There were 306 households, out of which 32.4% had children under the age of 18 living with them, 60.5% were married couples living together, 12.1% had a female householder with no husband present, and 24.8% were non-families. 21.6% of all households were made up of individuals, and 11.1% had someone living alone who was 65 years of age or older. The average household size was 2.52 and the average family size was 2.91.

In the CDP, the population was spread out, with 24.6% under the age of 18, 6.5% from 18 to 24, 27.6% from 25 to 44, 24.2% from 45 to 64, and 17.1% who were 65 years of age or older.

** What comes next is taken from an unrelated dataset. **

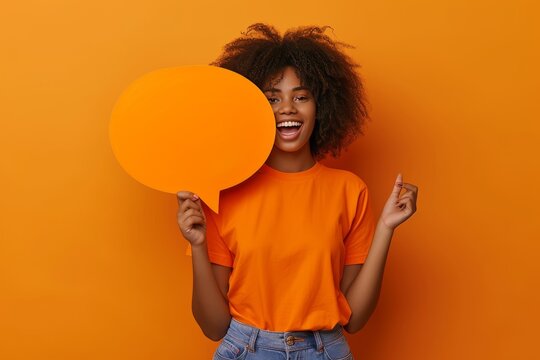 African american woman holding a card in the shape of a big orange speech bubble, orange t-shirt, solid background.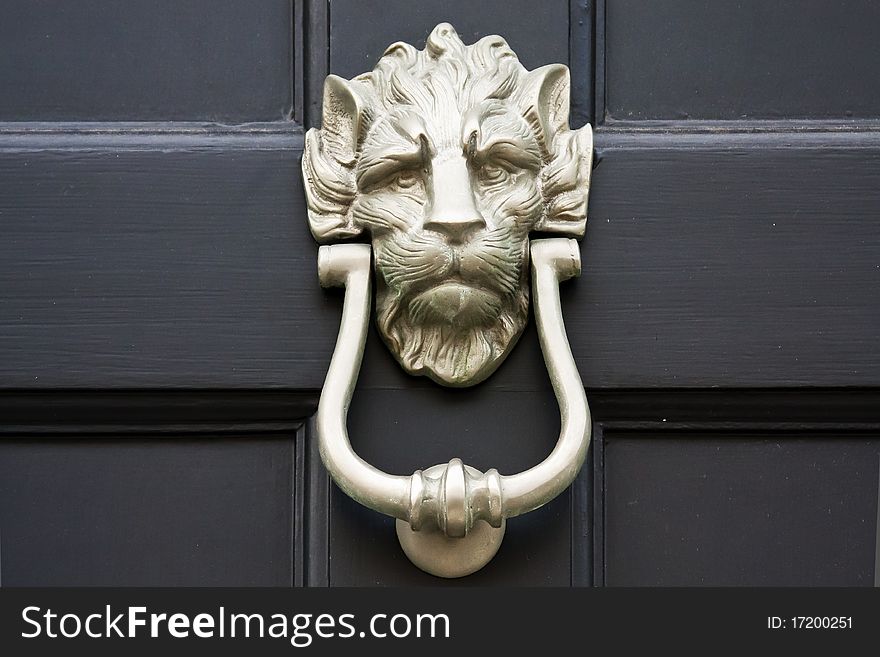 Lion shaped brass door knocker. Close up over black background. Lion shaped brass door knocker. Close up over black background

The median age was 40 years. For every 100 females, there were 98.5 males. For every 100 females age 18 and over, there were 91.4 males.

The median income for a household in the CDP was $42,708, and the median income for a family was $46,500. Males had a median income of $30,833 versus $23,125 for females. The per capita income for the CDP was $18,729. About 2.2% of families and 1.8% of the population were below the poverty line, including 2.3% of those under age 18 and none of those age 65 or over.